Following referrals from the Union de la Bijouterie Horlogerie and Pellegrin & Fils, as well as dawn raids, the Autorité de la concurrence has fined Rolex France (jointly and severally with Rolex Holding SA, the Hans Wilsdorf Foundation and Rolex SA) for prohibiting its retailers from selling Rolex watches online for more than ten years.
The Autorité considers that the terms of the selective distribution agreement between Rolex France and its retailers constitute a vertical agreement that restricts competition. The Autorité rejected Rolex France’s argument that the ban on online selling was justified by the need to combat counterfeiting and parallel trade. Finding in this respect that Rolex’s main competitors, who face the same risks, authorise the online selling of their products under certain conditions, it considered that these objectives can be achieved by means that are less restrictive of competition.
It has imposed a penalty of €91,600,000 on Rolex France SAS, together with a disclosure and publication injunction.
However, the Autorité rejected the objection concerning the resale prices imposed on its retailers, which had been notified to Rolex. It considered that the evidence in the case did not prove that Rolex France had restricted the pricing freedom of its authorised retailers.
Rolex’s selective distribution model
The Rolex group is a Swiss group founded in 1905 that designs, manufactures and markets luxury watches and components under the Rolex and Tudor brands. In France, imports are handled by a French subsidiary of the Swiss company Rolex Holding SA, Rolex France SAS, the sole importer of the brand’s products.
Rolex is active in the French luxury watch distribution market and, by virtue of its reputation and market share, is, according to several concordant sources, the largest player in the market. The company exclusively uses a network of authorised independent retailers to market its watches. It sells its watches to watch and jewellery retailers, to which it grants the right to distribute its products under a “Rolex selective distribution agreement”.

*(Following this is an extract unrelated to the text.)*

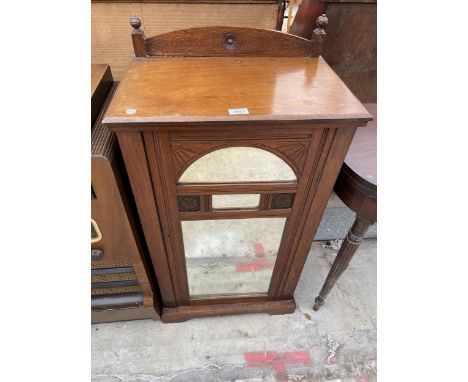 AN EDWARDIAN, MAHOGANY, BEVELLED MIRRORED FRONT MUSIC CABINET FOR SHEET MUSIC, WITH EMBOSSED LEATHER SHELF FRONTS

Rolex prohibits its authorised retailers from selling its products online
The selective distribution agreement governing relations between Rolex and its retailers prohibited the latter from selling the brand’s watches by mail order and, a fortiori, via the Internet. In a letter to one of its retailers, Rolex acknowledged this ban: “we confirm that under no circumstances can our Authorised Retailers, who are the only parties authorised to sell our products, do so via the Internet or by mail order. Any sales via the Internet contravene the provisions of Article IV.3.b of the Selective Distribution Agreement signed by all our Authorised Retailers.”
The Autorité and case law consider this type of clause to be inherently restrictive of competition.
Furthermore, the Autorité’s investigation of Rolex’s retailers confirms the practical application of this ban.
As justification, Rolex argued that the ban on online selling was intended to preserve its image and enable it to combat counterfeiting and off-network sales. While the Autorité does not dispute the legitimacy of these objectives, it found that prohibiting online selling is not a proportionate measure. It points out that Rolex’s main competitors, who themselves face this type of risk, have implemented (primarily technological) solutions to reconcile online selling with the fight against counterfeiting and off-network sales. In addition, Rolex, in conjunction with one of its retailers, has developed a programme for the online purchase of pre-owned watches, whose authenticity it guarantees. An absolute ban on the online selling of its products cannot therefore be justified.
The Autorité fines Rolex €91,600,000
The Autorité considers these practices to be serious, as they amount to closing a marketing channel, to the detriment of consumers and retailers, when the online distribution of luxury products, including watches, has been booming over the past 15 years. Given their duration (more than ten years) and nature, the Autorité is imposing a penalty of €91,600,000. Because of the capital, organisational and legal links between Rolex France and Rolex Holding SA, Rolex SA and the Hans Wilsdorf Foundation, the Autorité holds the latter companies jointly and severally liable for the payment of the fine.
In addition, the Autorité is ordering Rolex France to send a summary of the decision to all its authorised retailers. It must also publish a summary of this decision on its website within two months and for seven consecutive days.
Lastly, the Autorité orders Rolex France to publish a summary of the decision in the print and digital editions of Le Figaro and in Montres Magazine.
While a supplier is free to organise its distribution network as it sees fit, this organisation must not give rise to a restriction of competition.
The principle of the free organisation of the network cannot authorise a manufacturer to restrict the commercial freedom of its resellers. Prohibiting its retailers from selling its products online distorts the competition in which resellers should normally engage, not only between themselves but also with regard to the manufacturer in the online sales distribution channel. This rule remains valid even if, as in this case, the products concerned are distributed exclusively or almost exclusively through a network of independent retailers.